Our maid, Ethel, would puff up with pride whenever she said, “Miz Ginny done made a good-looking bunch of chil’ren.” I guess she was right. Each of us had our mother’s hair and blue eyes, although in varying shades. Not one of us had exactly the same color hair or eyes; but there was no question who our mother was. We each, in our own way, had something of her looks.
Soft and round, Ethel was the color of coffee with cream, with big freckles dotting her broad nose. Her wide set eyes were light brown, and her lips were thin. Short, just over five feet tall; she weighed well over two hundred pounds.
I grew up thinking that Ethel and my mother were as close as any two friends could be, despite the fact that it was 1957. Even to a child that seemed unbelievable considering they were so different in color, shape, and attitude. Friendship had to be next to impossible: in Virginia it was against the law for a colored person to drink from the same water fountain as a white. Yet, for as long as I could remember, thirteen hours a day, six and a half days a week, my mother and Ethel shared their lives. Well, that’s not quite true. My mother shared her life. Ethel listened and edited her own life. And despite their disparate worlds, their views were remarkably similar; their thoughts intertwined like neglected perennials in an old flower bed.
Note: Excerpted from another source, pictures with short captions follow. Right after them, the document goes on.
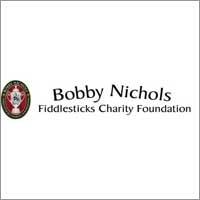 Bobby Nichols Fiddlesticks Charity Foundation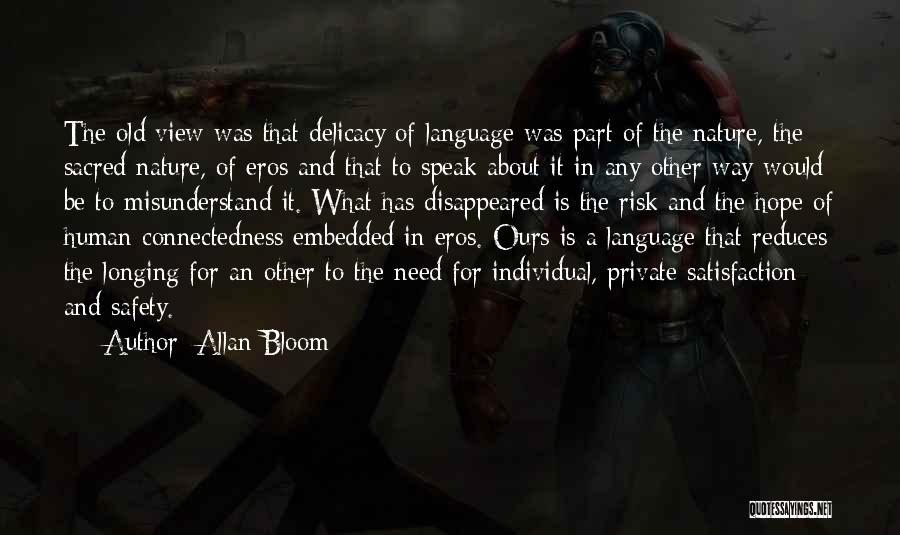 Allan Bloom Quotes: The Old View Was That Delicacy Of Language Was Part Of The Nature, The Sacred Nature, Of Eros And That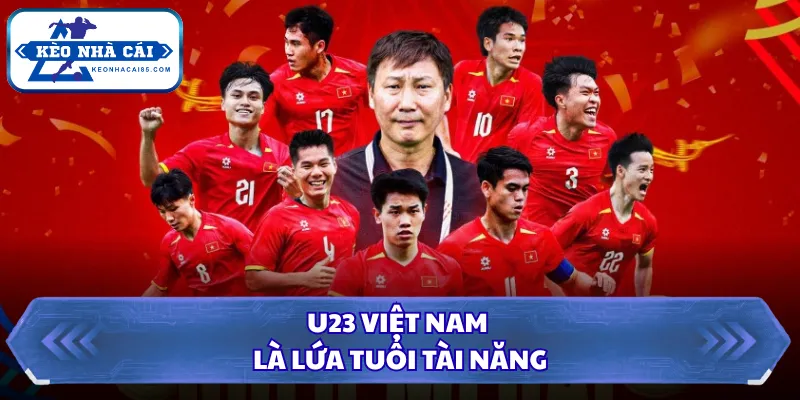 U23 Việt Nam là lứa tuổi tài năng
Each of us children was named for somebody else. My sister Stuart was the oldest and the prettiest, she’d just turned fourteen. She hated her name, though I don’t know if that was because it sounded like a boy’s name or because it was my mother’s maiden name. Next oldest to Stuart was my brother, Gordy, just nine at the time. Gordy was named after my mother’s brother, Gordon Stuart. Then there was me, Sallee; seven and named after Daddy’s father, Sallee. It was an unusual and unfortunate name for a man as far as I was concerned. I was happy to be a girl. Helen, at just four and a half, was the baby of the family and was named for my father’s mother who died days before Helen was born. It was lucky that Helen was a girl; I think my parents would’ve gone right ahead with the name even if the baby had been a boy. I can’t imagine a boy on earth who would have been able to tolerate Helen as a name.
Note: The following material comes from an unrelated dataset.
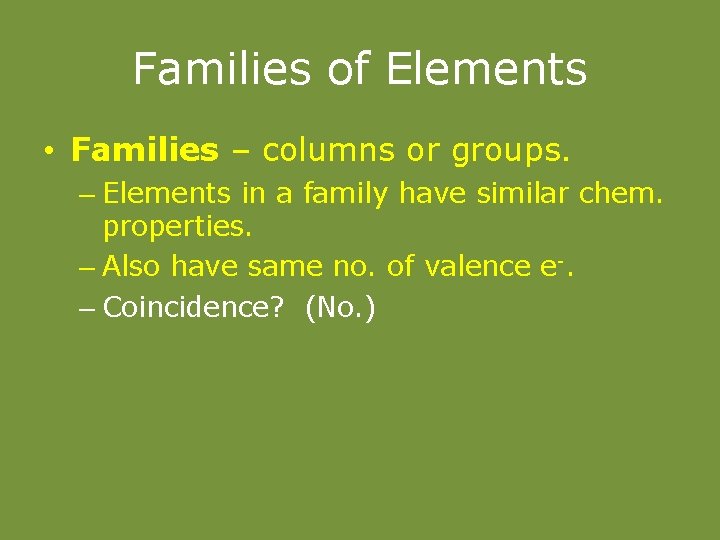 Families of Elements • Families – columns or groups. – Elements in a family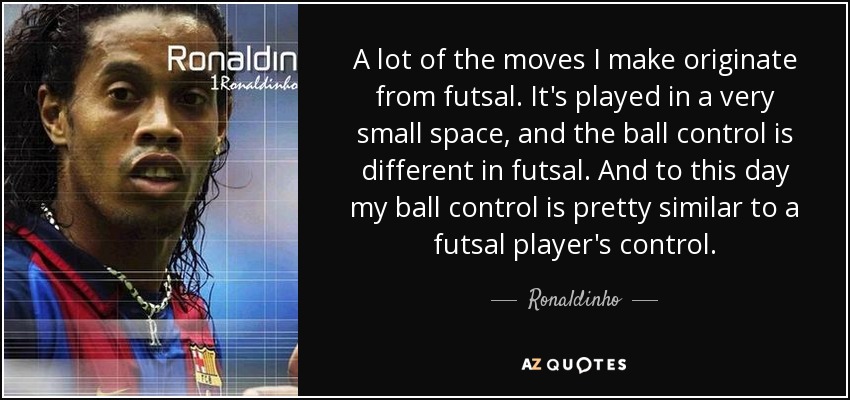 A lot of the moves I make originate from futsal. It's played in a very small space, and the ball control is different in futsal. And to this day my ball control is pretty similar to a futsal player's control. - Ronaldinho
The house we lived in was big like a mansion of the old South: butter-colored stucco with enormous fluted columns and dark green almost black shutters on the floor-to-ceiling windows in the front. It sat in one of the treelined neighborhoods that rimmed the University of Virginia where my father had gone to law school. It was the prettiest house on the street. My mother said that if it hadn’t been she would never have allowed Daddy to buy it because of the tacky houses that ran down one side of the property line.
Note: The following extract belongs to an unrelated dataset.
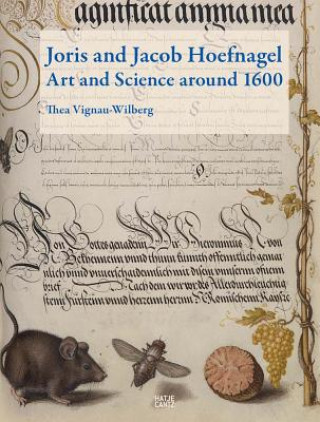 Carte Joris and Jacob Hoefnagel: Art and Science Around 1600 Thea Vignau-Wilberg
“Not charming like slave quarters,” she’d say to most any visitor. “Just tacky post–First World War housing.” I didn’t know why she thought slave quarters were so charming. The ones I’d seen had been nothing but old, rotting, weed choked, falling down sheds. She definitely wouldn’t have wanted those right next door. I think the thing she hated most about those houses was their proximity. When our kitchen door was open, you could hear the neighbors talking; the houses were that close. So unless it felt like it was a million degrees inside, she always insisted that our kitchen door stay closed.